### INFORMATION SHOWN ###

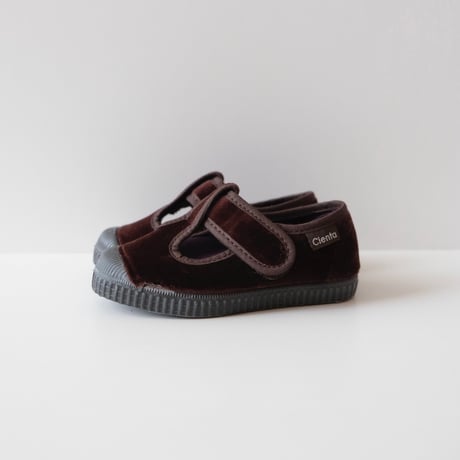 Cienta VELOUR T STRAP SHOES brown / velour 977(21(12.5cm)22(13cm)32(20cm)33(20.5cm)34(21cm))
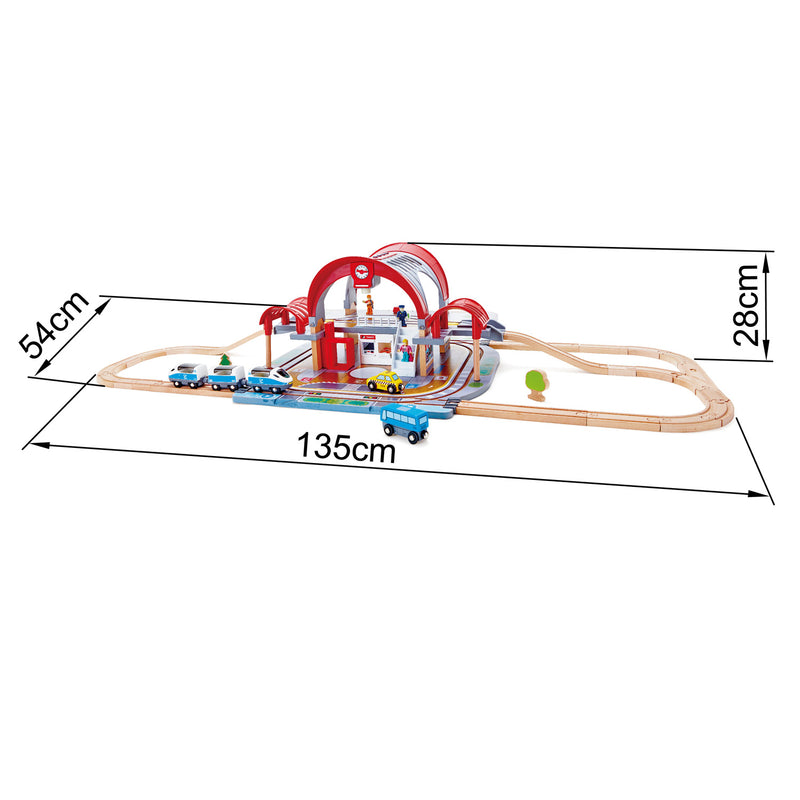 Set sine de tren de lemn - Circuit tren GARA HAPE- Gara centrala Hape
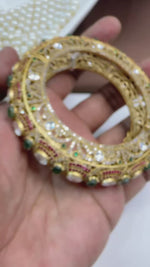 Regal Heritage Kundan Polki Openable Kada – Ruby & Emerald Detailing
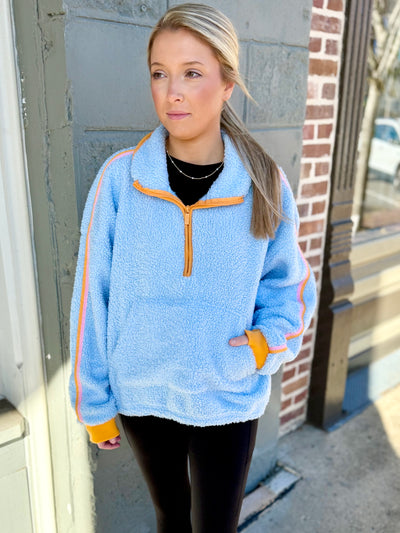 Teddy Quarter Zip- Blue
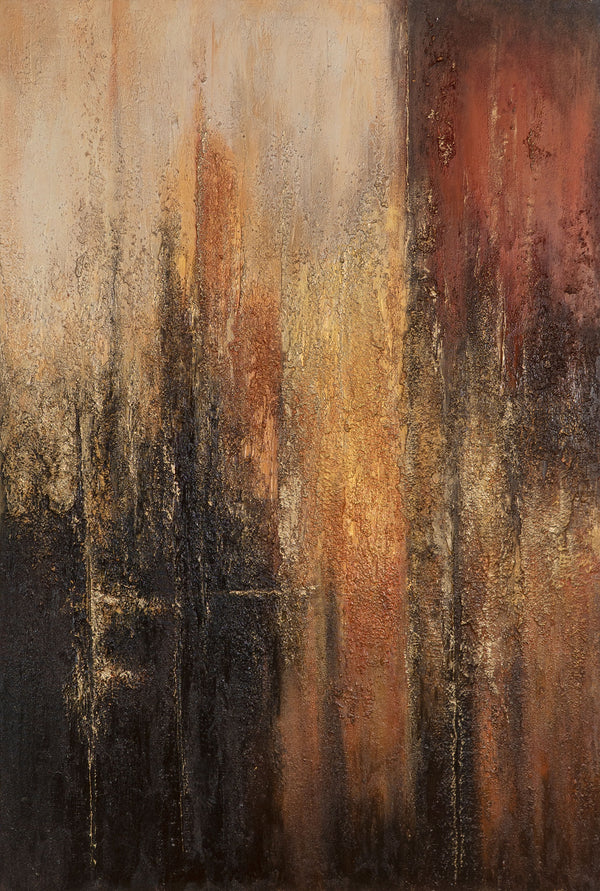 Handgemaltes Acrylbild mit Rahmen „Vertikalen der Zeit“ – Moderne Wandkunst in Gold-Braun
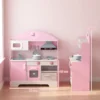 Kinderküche Kinder Holz Spielküche Zubehör Mit Licht & Sound Stoffschublade Backofen Herd Spüle Mikrowelle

###

**WORK INSTRUCTIONS**
Pictures stay out; copy every entry above exactly.

**ANSWER BOX**
 Cienta VELOUR T STRAP SHOES brown / velour 977(21(12.5cm)22(13cm)32(20cm)33(20.5cm)34(21cm))
 Set sine de tren de lemn - Circuit tren GARA HAPE- Gara centrala Hape
 Regal Heritage Kundan Polki Openable Kada – Ruby & Emerald Detailing
 Teddy Quarter Zip- Blue
 Handgemaltes Acrylbild mit Rahmen „Vertikalen der Zeit“ – Moderne Wandkunst in Gold-Braun
 Kinderküche Kinder Holz Spielküche Zubehör Mit Licht & Sound Stoffschublade Backofen Herd Spüle Mikrowelle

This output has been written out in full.